Peran ganda ini jelas membuat bisnis gas tidak efisien, dan menimbulkan ongkos kemahalan bagi konsumennya. Padahal, peran ganda yang semacam ini berlawanan dengan Peraturan Menteri ESDM Nomor 19 Tahun 2009 tentang Kegiatan Usaha Gas Bumi Melalui Pipa, yang menyebutkan bahwa badan usaha pemegang izin usaha pengangkutan gas bumi melalui pipa dan hak khusus dilarang melakukan kegiatan usaha niaga gas bumi melalui pipa pada fasilitas pengangkutan gas bumi yang dimiliki atau dikuasainya.

Lalu, dalam hal badan usaha pemegang izin usaha pengangkutan gas bumi melalui pipa dan hak khusus melakukan kegiatan usaha niaga gas bumi melalui pipa pada fasilitas pengangkutan gas bumi yang dimilikinya, maka wajib membentuk badan usaha terpisah dan mempunyai izin usaha niaga gas bumi melalui pipa. Oleh karena itu, sebagai regulator, pemerintah mestinya segera mengakhiri berbagai ironi kebijakan di bidang gas, demi menekan tingginya pemakaian BBM bersubsidi, plus, menekan penghamburan anggaran APBN.

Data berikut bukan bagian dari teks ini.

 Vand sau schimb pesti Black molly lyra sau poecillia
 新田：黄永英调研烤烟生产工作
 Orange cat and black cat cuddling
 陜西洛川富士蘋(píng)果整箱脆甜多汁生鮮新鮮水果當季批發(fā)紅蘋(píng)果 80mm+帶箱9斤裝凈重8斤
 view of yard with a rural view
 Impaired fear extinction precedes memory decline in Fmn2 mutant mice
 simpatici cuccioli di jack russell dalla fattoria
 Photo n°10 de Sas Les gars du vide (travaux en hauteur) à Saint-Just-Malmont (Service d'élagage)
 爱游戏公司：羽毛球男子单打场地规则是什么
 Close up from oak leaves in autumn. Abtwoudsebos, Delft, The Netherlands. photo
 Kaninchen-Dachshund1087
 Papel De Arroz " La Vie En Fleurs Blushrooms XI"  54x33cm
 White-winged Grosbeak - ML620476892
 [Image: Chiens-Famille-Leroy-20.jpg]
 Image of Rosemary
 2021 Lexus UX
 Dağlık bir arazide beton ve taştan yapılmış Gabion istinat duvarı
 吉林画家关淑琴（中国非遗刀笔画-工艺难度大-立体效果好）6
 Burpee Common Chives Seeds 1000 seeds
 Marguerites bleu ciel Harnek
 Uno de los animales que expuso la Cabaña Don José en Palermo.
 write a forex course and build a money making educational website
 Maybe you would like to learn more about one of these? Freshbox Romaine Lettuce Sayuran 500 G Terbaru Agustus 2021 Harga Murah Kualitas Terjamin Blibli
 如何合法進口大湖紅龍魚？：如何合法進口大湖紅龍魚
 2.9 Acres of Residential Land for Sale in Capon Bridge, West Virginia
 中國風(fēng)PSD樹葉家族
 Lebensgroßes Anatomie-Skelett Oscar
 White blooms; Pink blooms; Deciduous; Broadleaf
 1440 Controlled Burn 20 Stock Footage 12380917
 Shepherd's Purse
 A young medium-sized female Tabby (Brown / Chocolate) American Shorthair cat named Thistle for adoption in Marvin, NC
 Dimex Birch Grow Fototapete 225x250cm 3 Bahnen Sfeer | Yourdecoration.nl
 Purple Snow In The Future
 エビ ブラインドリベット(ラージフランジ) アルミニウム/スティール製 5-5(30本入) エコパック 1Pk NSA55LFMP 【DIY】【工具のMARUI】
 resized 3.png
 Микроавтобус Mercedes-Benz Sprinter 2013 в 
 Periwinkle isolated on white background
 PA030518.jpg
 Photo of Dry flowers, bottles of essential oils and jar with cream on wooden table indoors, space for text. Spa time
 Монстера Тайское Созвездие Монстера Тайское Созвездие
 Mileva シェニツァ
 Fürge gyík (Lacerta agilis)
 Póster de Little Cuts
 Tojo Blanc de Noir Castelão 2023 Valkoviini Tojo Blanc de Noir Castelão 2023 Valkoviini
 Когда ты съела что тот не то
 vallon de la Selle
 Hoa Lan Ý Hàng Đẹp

Terkait dengan kasus peran ganda PT PGN, seharusnya pemerintah bisa mengambil langkah mereposisi peran ganda dimaksud. PT PGN harus memilih salah satu peran, apakah sebagai transporter atau trader. Pemerintah, via Wakil Menteri ESDM Rudi Rubiandini, tidak hanya cukup memberikan pernyataan bahwa perusahaan gas pelat merah (PT PGN) tidak boleh mengambil untung terlalu tinggi pada konsumennya. Namun, pemerintah harus mencari dan mengobati ”penyakit sistemik” yang menjadi penyebabnya.

Selanjutnya, secara lebih makro, pemerintah harus berani mengakhiri berbagai kontrak jangka panjang penjualan gas keluar negeri, dan mengalihkannya untuk kepentingan dalam negeri. Memang ini diperlukan nyali politik yang kuat, dan negosiator ulung untuk melakukan reviu kontrak dimaksud. Jika pasokan gas untuk dalam negeri melimpah, dengan sendirinya akan menekan harga jual gas untuk konsumen, baik konsumen industri maupun gas untuk konsumen rumah tangga (end user).

Yang paling urgen adalah bagaimana pemerintah mengutamakan pasokan gas (BBG) untuk sektor transportasi, khususnya transportasi umum.Terlalu tinggi dampak eksternalitasnya bagi pemerintah dan masyarakat secara umum, jika pemerintah terus berkutat dengan kebijakan BBM, dan membiarkan terjadinya berbagai ironi dalam kebijakan gas.